Give an exact copy of the lines of the records below, starting at the line containing "Lampranthus immelmaniae" and running to the end.

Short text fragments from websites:
◇ ◇ ◇ ◇ ◇
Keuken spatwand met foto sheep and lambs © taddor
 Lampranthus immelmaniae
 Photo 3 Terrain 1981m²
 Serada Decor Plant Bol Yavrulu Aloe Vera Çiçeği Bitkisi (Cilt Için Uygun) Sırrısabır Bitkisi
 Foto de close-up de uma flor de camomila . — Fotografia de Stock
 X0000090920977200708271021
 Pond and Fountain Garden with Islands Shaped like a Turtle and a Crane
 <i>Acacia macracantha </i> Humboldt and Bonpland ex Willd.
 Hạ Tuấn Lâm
◇ ◇ ◇ ◇ ◇
- _ANSWER TO THE PROBLEM_
 Lampranthus immelmaniae
 Photo 3 Terrain 1981m²
 Serada Decor Plant Bol Yavrulu Aloe Vera Çiçeği Bitkisi (Cilt Için Uygun) Sırrısabır Bitkisi
 Foto de close-up de uma flor de camomila . — Fotografia de Stock
 X0000090920977200708271021
 Pond and Fountain Garden with Islands Shaped like a Turtle and a Crane
 <i>Acacia macracantha </i> Humboldt and Bonpland ex Willd.
 Hạ Tuấn Lâm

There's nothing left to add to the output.